# COLLECTED DATA:
────────

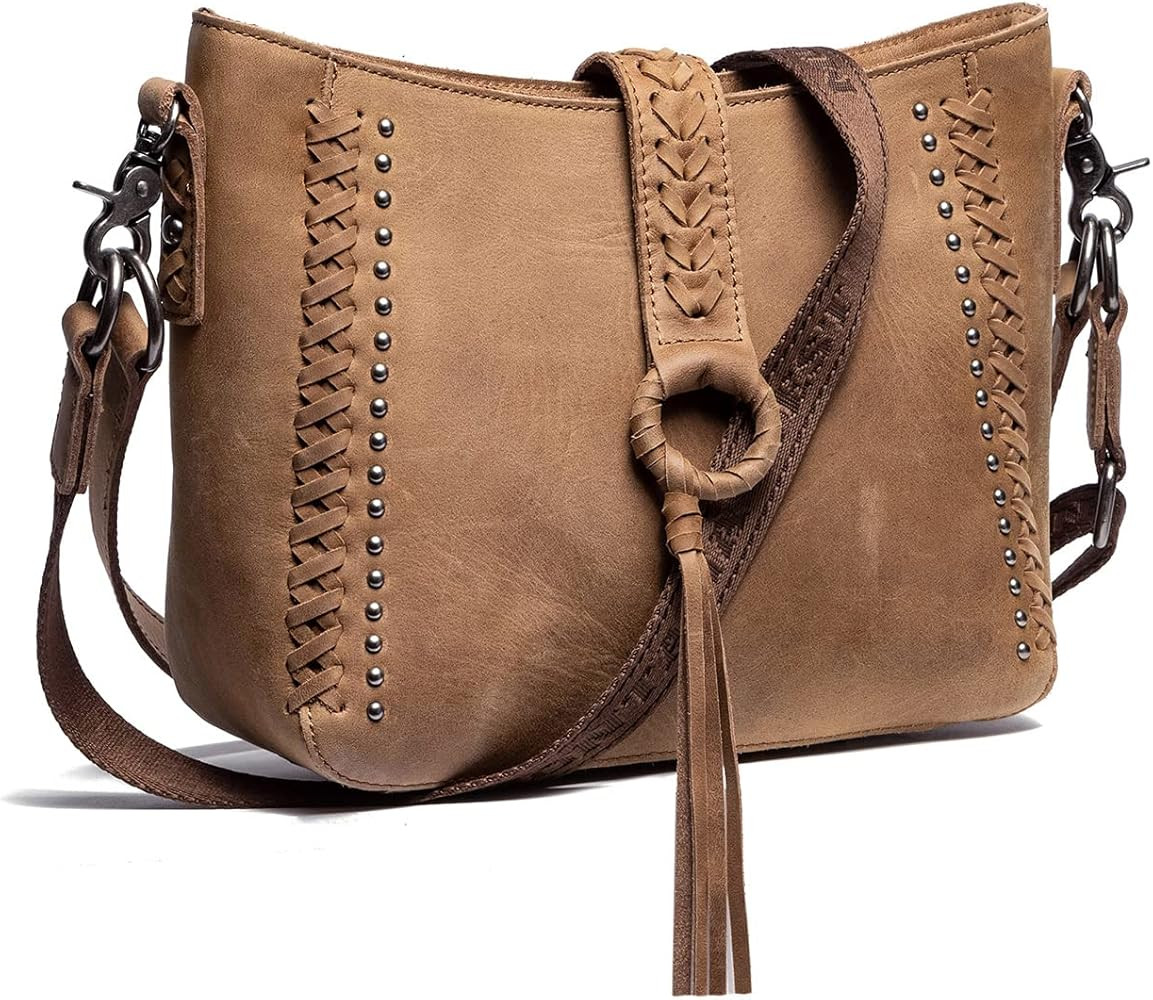 Genuine Leather Concealed Carry Purse Hobo Crossbody Bags for Women Studded Western Style Handbags | Amazon (US)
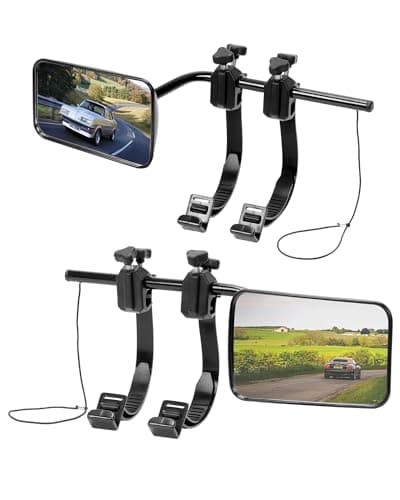 Image of SUPAREE Convex Caravan Towing Mirrors,Caravan Mirrors for Cars Universal Towing Mirror Extensions with Clamps & Rubber Straps Safe for Motorhome Touring Pair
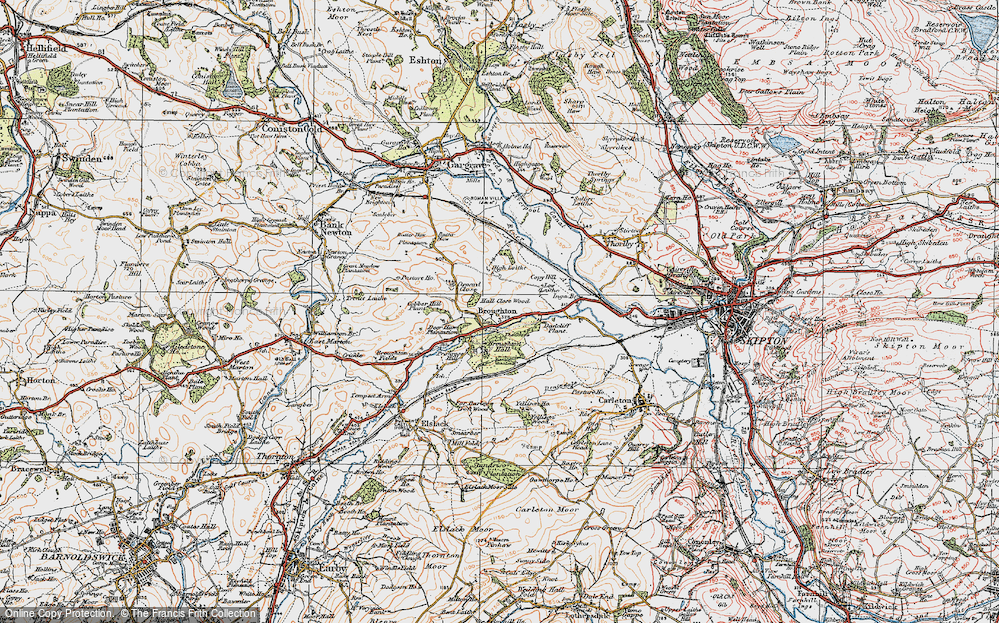 Old Map of Historic Map covering Butter Haw in 1925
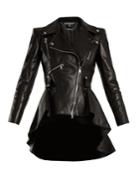 Alexander Mcqueen Waterfall-hem Leather Jacket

────────

# TASK TO COMPLETE:
Your answer must contain the full data, repeated exactly, without pictures.

# ANSWER BOX:
 Genuine Leather Concealed Carry Purse Hobo Crossbody Bags for Women Studded Western Style Handbags | Amazon (US)
 Image of SUPAREE Convex Caravan Towing Mirrors,Caravan Mirrors for Cars Universal Towing Mirror Extensions with Clamps & Rubber Straps Safe for Motorhome Touring Pair
 Old Map of Historic Map covering Butter Haw in 1925
 Alexander Mcqueen Waterfall-hem Leather Jacket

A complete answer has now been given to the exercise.